Menjelang akhir cerita, tokoh Gandang akhirnya menjual perusahaan miliknya, untuk apa yang disebut sutradara, sebagai upaya penyembuhan kesalahan masa lalunya. Uang hasil penjualan itu digunakannya untuk membeli kembali rumah milik Ibu May, sekalian membawanya pulang ke Jakarta. May juga berdamai dengan Antares, dan bertemu anaknya, namun ini bukanlah sebuah adegan akhir...

***
FILEM yang pengambilan gambarnya dilakukan di Jakarta, Semarang, Yogyakarta, dan Malaysia ini, akan diputar secara serentak pada 5 Juni 2008. Pada 14 Mei lalu, para wartawan diundang dalam jumpa pers (dihadiri sutradara, produser serta para pemerannya), sekaligus menyaksikan langsung pemutaran filem berdurasi 105 menit ini. ***

10 comments:

ika ardina said...

mau ngajak aku nonton?:D

Affan Alkaff said...

..boleh..:)

helen lumban gaol said...

Aku nonton film ini tahun 2000 lalu dan sampai sekarang aku masih ingat kegigihan guru pengganti ini.

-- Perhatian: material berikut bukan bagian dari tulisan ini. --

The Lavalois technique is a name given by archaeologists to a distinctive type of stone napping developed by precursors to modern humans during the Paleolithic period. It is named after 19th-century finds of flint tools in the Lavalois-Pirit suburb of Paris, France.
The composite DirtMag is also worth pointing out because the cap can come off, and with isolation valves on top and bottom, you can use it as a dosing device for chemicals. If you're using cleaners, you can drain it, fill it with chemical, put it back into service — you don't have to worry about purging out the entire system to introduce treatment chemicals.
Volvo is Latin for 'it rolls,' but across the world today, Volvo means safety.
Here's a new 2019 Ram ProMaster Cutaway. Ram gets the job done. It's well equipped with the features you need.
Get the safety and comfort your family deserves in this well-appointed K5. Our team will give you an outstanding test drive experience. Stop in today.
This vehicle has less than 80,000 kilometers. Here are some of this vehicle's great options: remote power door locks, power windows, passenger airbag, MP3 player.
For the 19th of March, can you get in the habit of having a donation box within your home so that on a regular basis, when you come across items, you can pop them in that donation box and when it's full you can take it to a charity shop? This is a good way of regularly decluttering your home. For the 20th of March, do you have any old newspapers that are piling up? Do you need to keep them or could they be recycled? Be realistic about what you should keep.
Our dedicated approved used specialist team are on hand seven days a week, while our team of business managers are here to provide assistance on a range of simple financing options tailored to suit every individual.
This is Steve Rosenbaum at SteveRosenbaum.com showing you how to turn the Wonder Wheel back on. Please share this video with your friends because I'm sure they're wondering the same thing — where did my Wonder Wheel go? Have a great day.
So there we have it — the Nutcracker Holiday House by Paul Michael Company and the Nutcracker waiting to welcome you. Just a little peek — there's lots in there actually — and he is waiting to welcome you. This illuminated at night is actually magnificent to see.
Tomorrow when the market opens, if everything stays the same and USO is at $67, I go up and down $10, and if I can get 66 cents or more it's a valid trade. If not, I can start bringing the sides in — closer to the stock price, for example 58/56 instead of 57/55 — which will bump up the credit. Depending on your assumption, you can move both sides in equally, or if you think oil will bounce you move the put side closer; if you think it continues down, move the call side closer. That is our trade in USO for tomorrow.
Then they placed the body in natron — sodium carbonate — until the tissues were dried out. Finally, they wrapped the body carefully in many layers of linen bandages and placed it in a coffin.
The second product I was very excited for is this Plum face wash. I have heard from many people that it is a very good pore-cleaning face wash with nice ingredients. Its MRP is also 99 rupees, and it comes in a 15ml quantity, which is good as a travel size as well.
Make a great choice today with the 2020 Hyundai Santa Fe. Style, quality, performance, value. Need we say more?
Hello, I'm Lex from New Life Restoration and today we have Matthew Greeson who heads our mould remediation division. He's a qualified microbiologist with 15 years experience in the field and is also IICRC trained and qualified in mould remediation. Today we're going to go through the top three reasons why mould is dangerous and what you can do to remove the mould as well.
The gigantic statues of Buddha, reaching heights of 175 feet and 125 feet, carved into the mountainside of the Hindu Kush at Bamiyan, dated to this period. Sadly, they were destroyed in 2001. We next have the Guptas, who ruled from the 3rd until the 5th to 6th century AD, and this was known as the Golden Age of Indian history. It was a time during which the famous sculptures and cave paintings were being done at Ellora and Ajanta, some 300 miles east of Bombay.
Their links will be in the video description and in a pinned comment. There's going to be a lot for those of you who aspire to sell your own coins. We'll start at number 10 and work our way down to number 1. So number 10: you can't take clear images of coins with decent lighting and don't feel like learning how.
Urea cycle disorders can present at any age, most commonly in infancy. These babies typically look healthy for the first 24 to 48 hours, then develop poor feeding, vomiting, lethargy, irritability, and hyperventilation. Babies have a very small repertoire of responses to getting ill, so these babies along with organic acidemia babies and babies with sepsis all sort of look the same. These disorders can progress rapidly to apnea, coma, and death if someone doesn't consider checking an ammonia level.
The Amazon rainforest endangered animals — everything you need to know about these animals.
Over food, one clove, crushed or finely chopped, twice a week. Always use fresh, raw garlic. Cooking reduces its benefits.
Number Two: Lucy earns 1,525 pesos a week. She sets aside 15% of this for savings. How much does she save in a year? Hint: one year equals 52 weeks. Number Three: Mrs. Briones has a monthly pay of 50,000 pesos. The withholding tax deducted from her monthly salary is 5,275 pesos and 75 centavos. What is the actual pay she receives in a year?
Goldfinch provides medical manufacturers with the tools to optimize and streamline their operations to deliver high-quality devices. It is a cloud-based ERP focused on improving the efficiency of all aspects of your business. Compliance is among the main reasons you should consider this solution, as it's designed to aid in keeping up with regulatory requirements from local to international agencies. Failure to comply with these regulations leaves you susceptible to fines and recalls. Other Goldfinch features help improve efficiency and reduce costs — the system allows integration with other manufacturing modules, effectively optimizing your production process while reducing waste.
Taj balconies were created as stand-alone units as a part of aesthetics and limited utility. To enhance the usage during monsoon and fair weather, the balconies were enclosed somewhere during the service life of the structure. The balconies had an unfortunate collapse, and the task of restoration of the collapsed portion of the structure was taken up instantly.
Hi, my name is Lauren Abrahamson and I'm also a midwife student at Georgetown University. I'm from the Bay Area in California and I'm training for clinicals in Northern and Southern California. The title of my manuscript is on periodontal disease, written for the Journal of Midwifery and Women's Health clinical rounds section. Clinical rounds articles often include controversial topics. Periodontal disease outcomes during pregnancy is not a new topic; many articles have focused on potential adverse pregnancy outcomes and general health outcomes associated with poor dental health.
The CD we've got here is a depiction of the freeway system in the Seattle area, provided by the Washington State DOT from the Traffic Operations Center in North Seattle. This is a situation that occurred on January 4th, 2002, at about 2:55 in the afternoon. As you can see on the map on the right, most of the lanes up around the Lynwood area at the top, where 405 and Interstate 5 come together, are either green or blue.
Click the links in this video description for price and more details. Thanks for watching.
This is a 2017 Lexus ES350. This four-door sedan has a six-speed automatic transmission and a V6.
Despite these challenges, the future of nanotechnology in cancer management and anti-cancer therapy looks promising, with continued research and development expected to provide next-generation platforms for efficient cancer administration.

Terharu nontonnya.

Yiyik K said...

Bintangnya kenapa cuma 3 Fan, apa yg kurang...? :) Kayaknya OK ya, pengin nonton ah kapan2...

Affan Alkaff said...

Yik, selain aktris kawakan Tuti Kirana, serta dua orang pendatang baru, ada lagi bintang lainnya. Anaknya Idris Sardi, yaitu Lukman Sardi, memerankan tokoh Gandang. Ada pula Tio Pasukadewo memerankan tokoh antagonis Harriandja. Yang lainnya perannya cuma pinggiran, yaitu Ria Irawan sebagai istri Gandang, Jajang C Noer sebagai perawat, serta Niniek L Karim memerankan mertua Gandang...
Aku sudah agak lama tak nonton filem Indonesia. Terakhir nonton filem Gie. Dan nonton filem May, itu pun karena diundang. Tapi ternyata kisahnya, juga jalan ceritanya, lumayan inspiratif... Mulai diputar di bioskop-bioskop ada 5 Juni nanti, Yikk. Barangkali setelah itu baru beredar DVD-nya (kau tentu bisa pesan)...

Muthz ' said...

wah...kayaknya harus nonton neh mas..

Affan Alkaff said...

Helen, komentarmu ini untuk filem Not One Less, filem tentang guru itu kan? Memang bikin haru filem itu... Nah, kalau filem May ini belum diputar Helen. Baru bulan Juni nanti diputar di bioskop-bioskop...

Affan Alkaff said...

..menurutku bagus Muthz. Selain momennya pas sepuluh tahun setelah kerusuhan itu, ada kisah dalam filem ini yang mirip dengan kejadian saat itu: banyak orang mengambil kesempatan di saat orang-orang kesusahan.... Sutradara mengaku, dia inginnya filem ini diputar tanggal 13 Mei lalu, namun pihak bioskop menolak, karena harus antri dengan filem-filem lain...

agung ainul said...

Kerusuhan Mei yang masih teringat sampai sekarang, waktu kantor masih di Senayan selepas sholat Dhuhur ada anak kira-kira umur 20 an tahun duduk dilantai depan pintu masuk kantor, nangis minta tolong ke Satpam kantor karena ditelpun Papanya rumahnya di glodok mulai terbakar. Aku hanya trenyuh tanpa bisa berbuat apa-apa... Semoga tidak ada lagi kejadian seperti itu lagi.

Affan Alkaff said...

.. Memang sedih, bila mengingat kejadian sepuluh tahun itu, Gung... Saat itu, aku sendiri meliput langsung kejadian itu, dan rasa sedih itu, juga marah, muncul timbul-tenggelam...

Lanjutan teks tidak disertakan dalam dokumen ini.